Kemendagri: Sesuai aturan Atut harus tempati rumah dinas
Ratu Atut dinilai melanggar azas kepantasan, kepatutan dan rasionalitas.
Gubernur Banten Ratu Atut Chosiyah menolak menempati rumah dinas yang telah disediakan negara. Dia lebih memilih tinggal di rumah sendiri dan menerima uang sewa Rp 250 juta per tahun dari APBD sebagai uang sewa.
Terhadap hal itu Kemendagri akan mengecek kebenarannya. "Itu versi media, akan kita cek dulu ke Sekda Banten. Benar tidak Pemprov Banten menyewa, dan apakah Gubernur Banten menerima uangnya atau tidak?" ujar Jubir Kemendagri Redoynizar Moeloek kepada merdeka.com melalui sambungan telepon, Kamis (4/4).

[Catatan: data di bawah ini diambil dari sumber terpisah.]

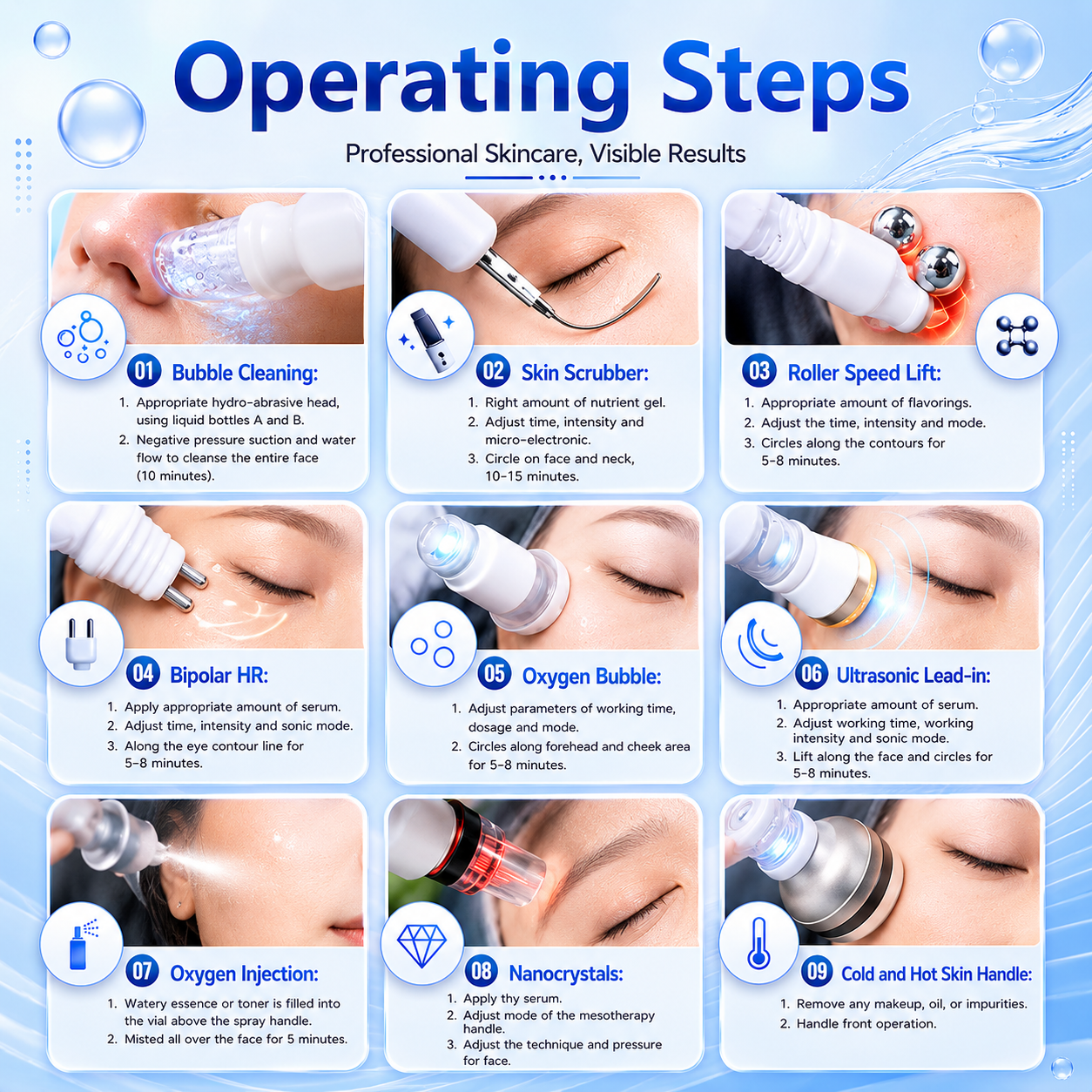 9-in-1 Hydro Facial Machine with Vortex Fusion - Super Ellipse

Menurut Redoynizar, berdasarkan PP Nomor 109 Tahun 2000 tentang Rumah Dinas, Ratu Atut sebagai Gubernur seharusnya menempati rumah dinas. Bila tidak ditempati karena satu dan lain hal maka harus diberikan alasannya.
"Jadi aturannya rumah dinas itu wajib ditempati, tetapi bisa saja tidak ditempati karena misalnya sedang renovasi atau karena suatu hal lainnya, tetapi itu harus dijelaskan alasannya," ujarnya.

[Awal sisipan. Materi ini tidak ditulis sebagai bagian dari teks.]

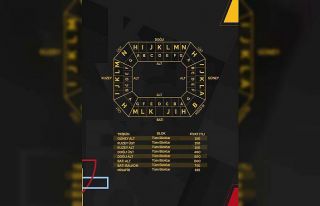 Kayserispor-Gaziantep maçı bilet fiyatları belli...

Bagaimana jika benar Ratu Atut tidak menempati rumah dinas dan malah menyewa rumah pribadinya seharga Rp 250 per tahun, apakah ada sanksinya?

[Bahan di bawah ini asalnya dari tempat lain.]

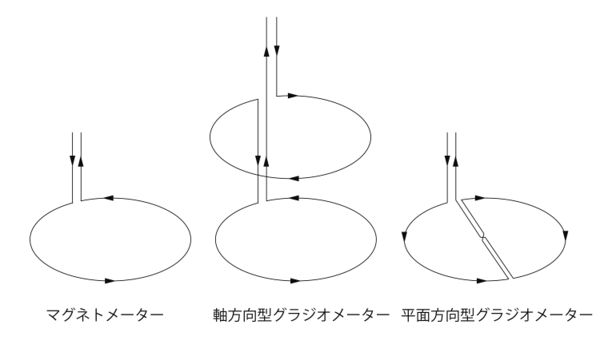 地球の磁場はどのようにして発生するのでしょうか?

"Itu melanggar peraturan dalam PP tersebut artinya melanggar azas kepantasan, kepatutan dan rasionalitas. Soal sanksi biar masyarakat dan DPRD setempat yang menilai," imbuhnya.
Seperti diketahui, Atut mendapat fasilitas rumah dinas yang berada di belakang pendopo kantor gubernur Banten di Jalan Brigjen KH Syamun Nomor 5, Kota Serang. Namun, rumah itu sama sekali belum pernah dihuni.
Justru, Pemprov Banten mengalokasikan anggaran senilai Rp 250 juta per tahun untuk menyewa rumah pribadi Gubernur Banten Ratu Atut Chosiyah di Jalan Bhayangkara nomor 51, Kecamatan Cipocok Jaya, Kota Serang.